### What needs to be done
The range runs from the line containing "It's the Rimmel" to the last line of the entries. Copy that range exactly, omitting pictures.

------------------------------

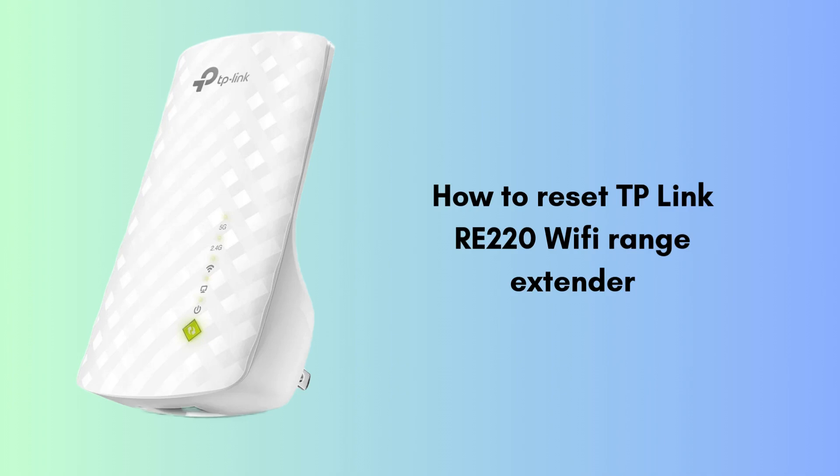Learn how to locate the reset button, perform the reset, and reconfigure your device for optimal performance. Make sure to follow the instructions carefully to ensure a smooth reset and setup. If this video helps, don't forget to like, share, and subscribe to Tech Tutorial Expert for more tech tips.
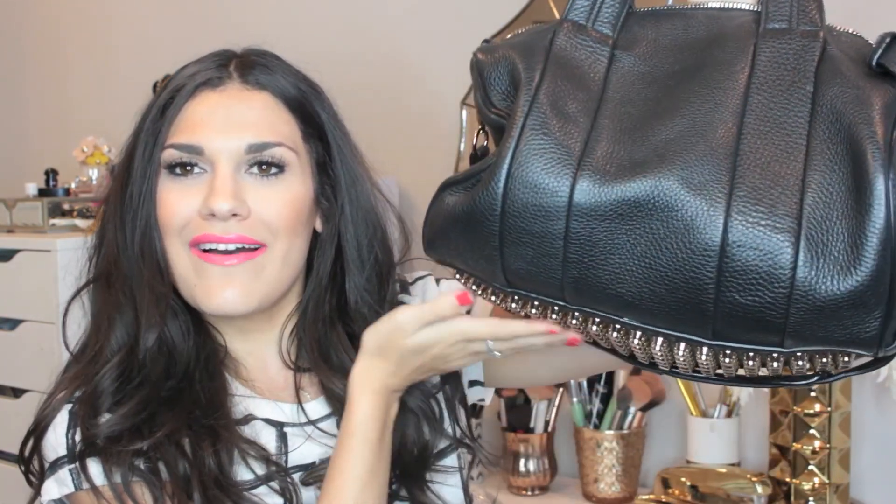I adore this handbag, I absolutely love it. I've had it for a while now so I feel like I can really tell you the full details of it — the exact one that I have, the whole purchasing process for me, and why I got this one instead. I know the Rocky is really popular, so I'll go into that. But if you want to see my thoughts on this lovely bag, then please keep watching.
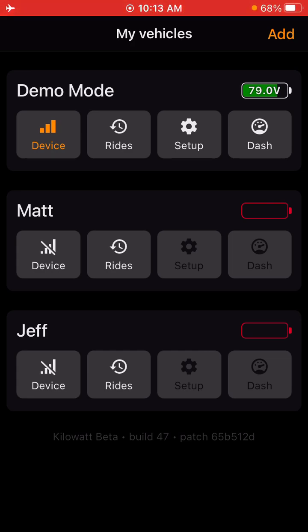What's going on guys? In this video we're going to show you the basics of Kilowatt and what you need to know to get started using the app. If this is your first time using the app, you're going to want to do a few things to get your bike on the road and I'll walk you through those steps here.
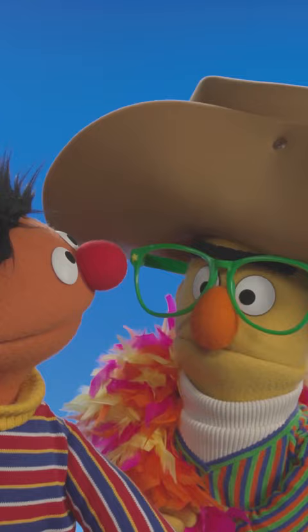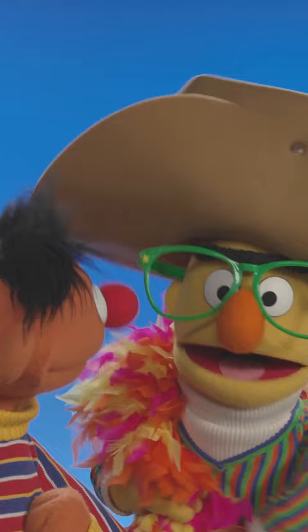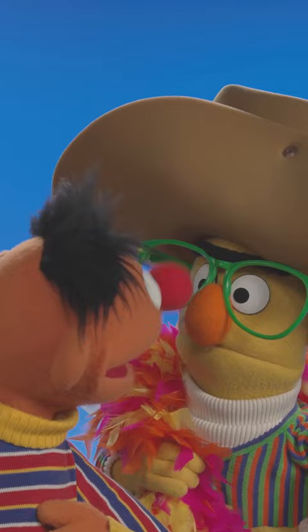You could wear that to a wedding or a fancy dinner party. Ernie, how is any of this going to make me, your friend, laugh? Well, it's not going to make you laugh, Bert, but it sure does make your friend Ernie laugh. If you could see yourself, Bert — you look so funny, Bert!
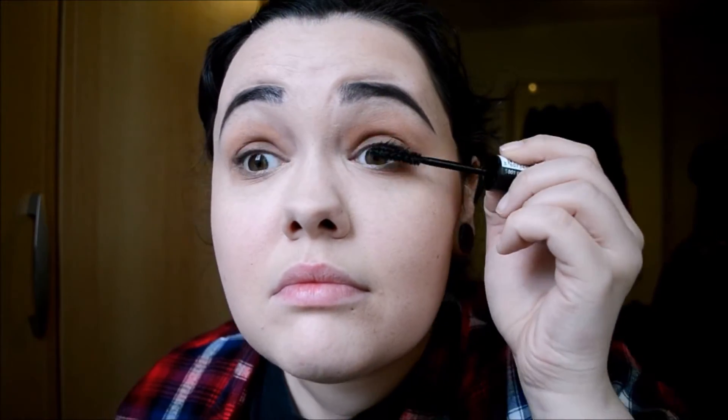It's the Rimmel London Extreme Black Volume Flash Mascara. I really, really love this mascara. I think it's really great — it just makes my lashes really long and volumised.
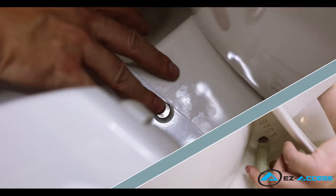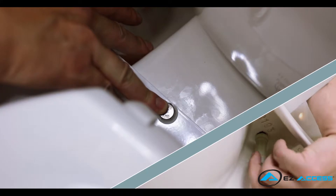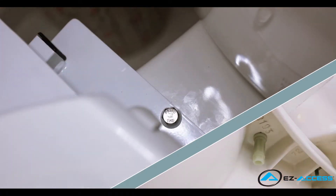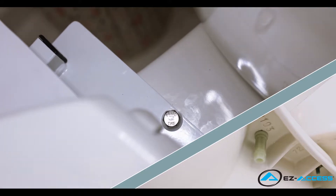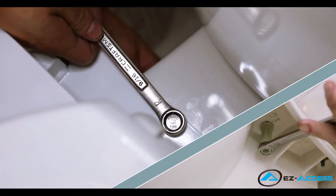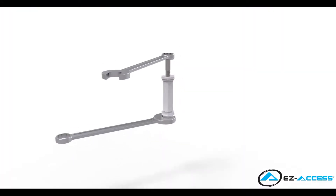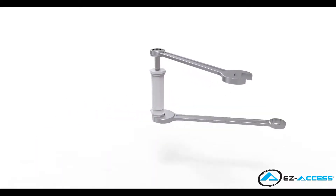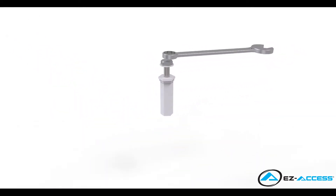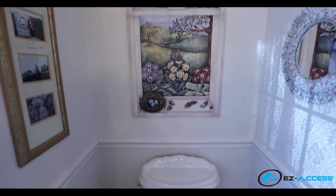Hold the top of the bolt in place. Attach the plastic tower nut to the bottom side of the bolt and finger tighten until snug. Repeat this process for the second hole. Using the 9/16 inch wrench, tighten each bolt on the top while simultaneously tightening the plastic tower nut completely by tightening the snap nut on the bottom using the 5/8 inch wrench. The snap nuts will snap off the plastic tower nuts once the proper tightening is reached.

------------------------------

### Task response
It's the Rimmel London Extreme Black Volume Flash Mascara. I really, really love this mascara. I think it's really great — it just makes my lashes really long and volumised.
Hold the top of the bolt in place. Attach the plastic tower nut to the bottom side of the bolt and finger tighten until snug. Repeat this process for the second hole. Using the 9/16 inch wrench, tighten each bolt on the top while simultaneously tightening the plastic tower nut completely by tightening the snap nut on the bottom using the 5/8 inch wrench. The snap nuts will snap off the plastic tower nuts once the proper tightening is reached.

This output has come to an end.